English teachers love journaling, which is the J word in our A-Z blog challenge. To be honest, I’m no different from other English-type teachers. I love it too.
When I taught a freshman writing class, journaling was one way I got students to write, something most of them actively resisted, and I made it part of my warm up work every day. I learned early in my career that the list of “helpful journal prompts” I had received as a young teacher was anything but helpful. Asking students about “the person who most inspires you” resulted in “IDK” or “my dad” or “my girlfriend because when we’re together I can’t stop…”
At this point, I stopped reading. I didn’t want to know how that sentence ended.
So I set some ground rules. The entries had to be a minimum of four sentences of explanation or description. Furthermore, I randomly called on students to share their writing with the class.

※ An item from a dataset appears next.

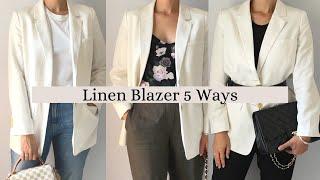 A Linen Blazer 5 Ways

Students who felt their response was too personal for general class consumption knew they could let me know ahead of time not to call on them, but this rarely happened. For most freshmen, there is no such thing as “too personal to share.” Here’s a list of some of my questions:
“Which character from Frozen are you most like?”
“Do you think boys or girls have it easier at our school?”

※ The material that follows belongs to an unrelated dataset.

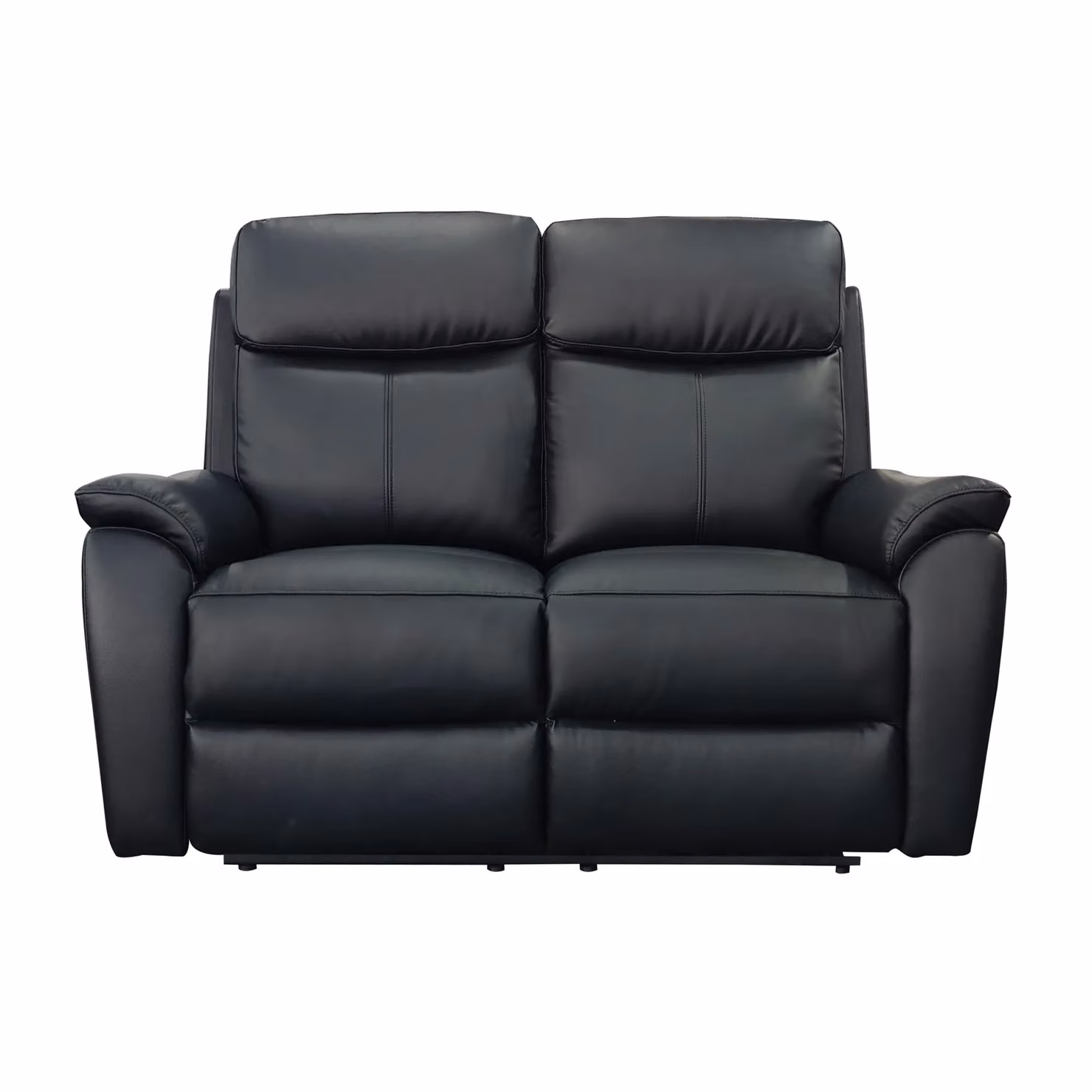 Aspire Kingsmere 2 Seater Power Recliner Sofa in Black Real Leather W/D/H: 143 x 77 x 66 cm – 2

“If you could eat only one food for a month, what would you eat? How long would it take before you were sick of it?”
“Describe the person who you consider to be your enemy. If you share it with class, don’t use the person’s name.”
“How does your mom or dad usually embarrass you in public?”

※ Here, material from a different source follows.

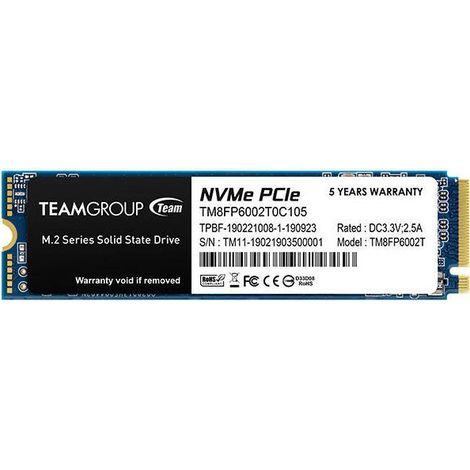 Team Group MP33 PRO 2TB Gen3 PCIe x4 NVMe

Interestingly, I noticed that positive questions dealing with subjects like hobbies, heroes and dreams didn’t yield much in the way of writing. But if I asked about movies students hate, the most boring class they'd ever had, the worst food they'd ever tasted, these subjects would net several paragraphs.
Teenagers feel passionately about what they love and what they hate, and they embrace any opportunity to proselyte for their passion. A single question about whether or not Kanye West was a genius drew battle lines. The 7 minute warm-up took 17 minutes that day as students debated the merits of Kanye’s genius or lack thereof. Another day, when I asked students to write about their enemy, one girl felt that not only should she tell about whom she hated most, but she had to give me the backstory of why she hated her. She wrote six pages.
One of my ground rules was that I had to write my own entry to the questions and share it three times a week. I wanted the students to see that writing was often difficult for me, too, and that I also had embarrassing stories to tell. This wasn’t so the students would feel closer to me; it was so they felt less embarrassed about their own lives. I told them about walking into a door while talking to my then crush. All the girls covered their faces in response while the boys yukked it up.
A prompt that caused the teacher next door to walk in and ask us to quiet down was “if someone likes you but you don’t like them, how do you tell them you’re not interested?” The students were full of helpful information (“I’m not allowed to have a girlfriend”) and not so helpful information (“pretend you’re blind when you walk past him in the hall”). Advice was debated, scorned, debated again and scorned again.
Journaling was probably the best thing I did. It brought the students together for those few minutes and humanized every person in the room. Students later told me it was always their favorite part of class. That made me feel good, but not so good that I ever made the mistake of asking which was their favorite teacher or class.